Dalam tuntutannya, jaksa menyebut Agus melanggar Pasal 3 Undang-undang Nomor 31 Tahun 1999 tentang Pemberantasan Tindak Pidana Korupsi yang telah diubah dan ditambahkan dengan UU Nomor 20 tahun 2001.
“Menyatakan terdakwa terbukti bersalah sebagaimana dalam dakwaan subsider,” kata Jaksa Kasis Pidsus PN Sragen, Agung Riyadi di Pengadilan Tipikor Semarang, Senin (21/10/2019).
Jaksa menuntut agar terdakwa dijatuhi pidana penjara selama 1 tahun 6 bulan dikurangi selama terdakwa dalam tahanan. Selain itu jaksa menuntut pidana denda sebesar Rp 50 juta subsider 3 bulan kurungan.
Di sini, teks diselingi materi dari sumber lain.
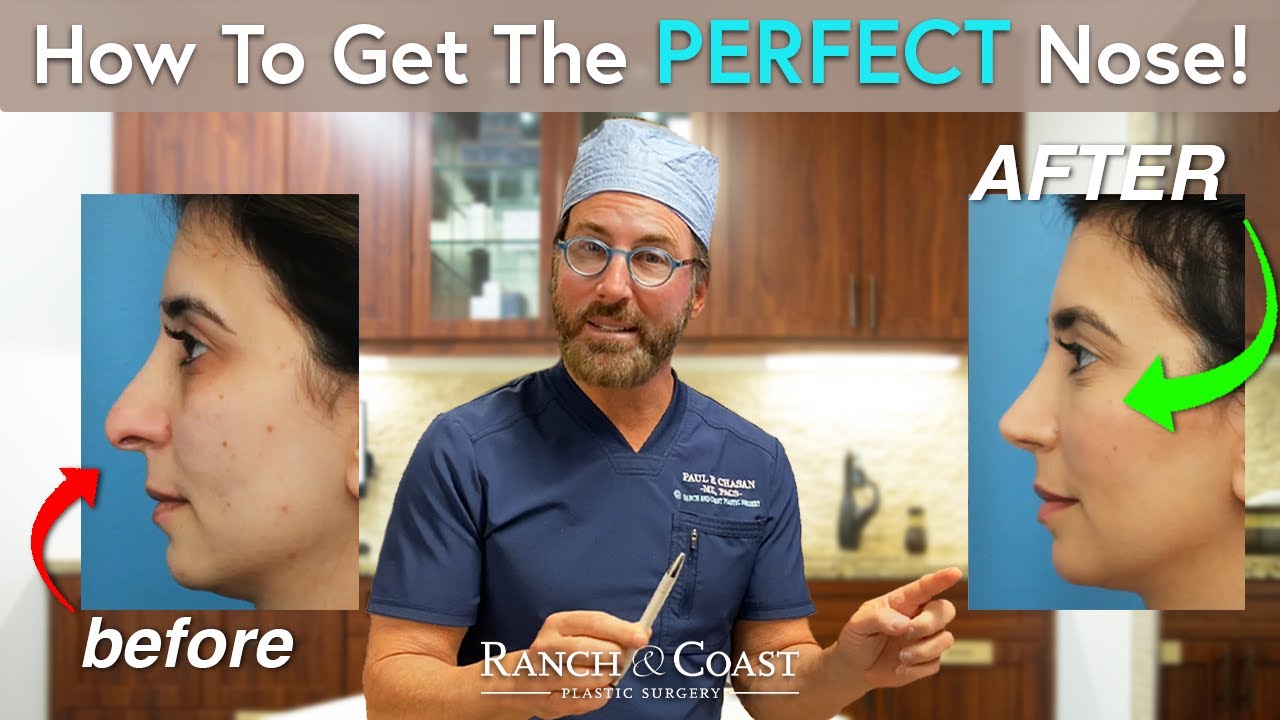 How to Get the PERFECT Nose Job!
JPU menyebut terdakwa bersalah melakukan penyalahgunaan kewenangan penempatan dana kas daerah Pemkab Sragen tahun 2003 sampai 2011. Saat itu terdakwa menjabat sebagai Wakil Bupati Sragen.
Disebutkan pula bahwa BPR Joko Tingkir yang merupakan BUMD milik Pemkab Sragen ditempatkan dana kas daerah Rp 29,3 miliar dalam bentuk deposito sebagai syarat agunan pinjaman. Penempatan deposito itu dicatatkan sebagai kas, bukan sebagai investasi.
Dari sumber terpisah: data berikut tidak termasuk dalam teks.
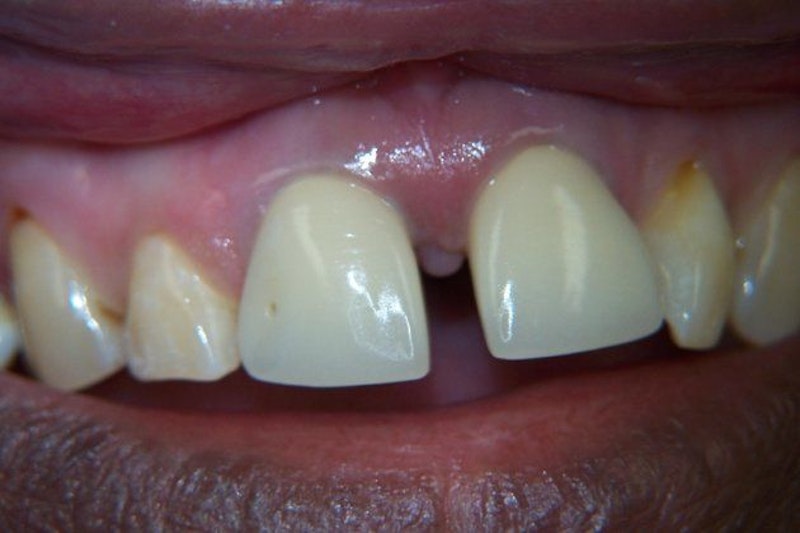 Clint Newman, DDS, patient before a smile makeover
Total pinjaman yang diperoleh Pemkab Sragen yaitu Rp 36,6 miliar namun tidak dilaporkan ke kas daerah sebagai pendapatan.
Hingga 2011, tercatat masih ada pokok pinjaman beserta bunganya senilai Rp 11,2 miliar.
Terdakwa yang terpilih sebagai Bupati Sragen periode 2011-2016 dan memerintahkan deposito untuk melunasi pinjaman. Disebut terdakwa menerima Rp 376,5 juta namun sudah mengembalikan Rp 366 juta kepada penyidik dari kejaksaan.
Sementara dalam perkara ini, jaksa menyebut kekurangan kerugian negaranyaa tinggal Rp 10 juta.
“Kekurangan kerugiannya tinggal Rp 10 juta,” jelas Agung.
Agung menambahkan sidang lanjutan akan digelar pada Senin (28/10/2019) pekan depan dengan agenda pembacaab nota pembelaan atau pledoi.
Terpisah, tim penasehat hukum terdakwa dari JAS and Partner Jogja, Junaidi Albab Setiawan menyatakan bahwa tuntutan dan penanganan perkara ini kental bernuansa pemaksaan dan berbau politik.
Sebab ia menilai dalam fakta persidangan membuktikan bahwa kliennya tidak pernah tahu urusan penempatan kasda di BPR dan penggunaannya untuk agunan kredit.
Karena semua proses peminjaman dan penggunaan uang hasil pinjaman dilakukan oleh mantan Bupati UW, mantan Sekda KUS, Mantan Kepala BPPKAD SW yang semuanya sudah divonis bersalah dan menjalani hukuman pada sidang 2013.
Kemudian kliennya juga tidak ada terlibat dalam tindak pidana bersama- sama dalam kredit ilegal itu.
“Bagaimana mungkin orang yang tidak tahu menahu didakwa melakukan tindak pidana bersama sama para pelaku,” paparnya Senin (21/10/2019) malam.
Junaidi juga memandang kerugian ketekoran kasda Rp 602 juta yang dituduhkan ke kliennya itu juga masih simpang siur. Sebab di dakwaan perkara dengan terpidana mantan Bupati UW dan keterangan terdakwa KUS yang diberikan 9 tahun lalu berbeda dengan kesaksian KUS dalam sidang perkara Agus ini.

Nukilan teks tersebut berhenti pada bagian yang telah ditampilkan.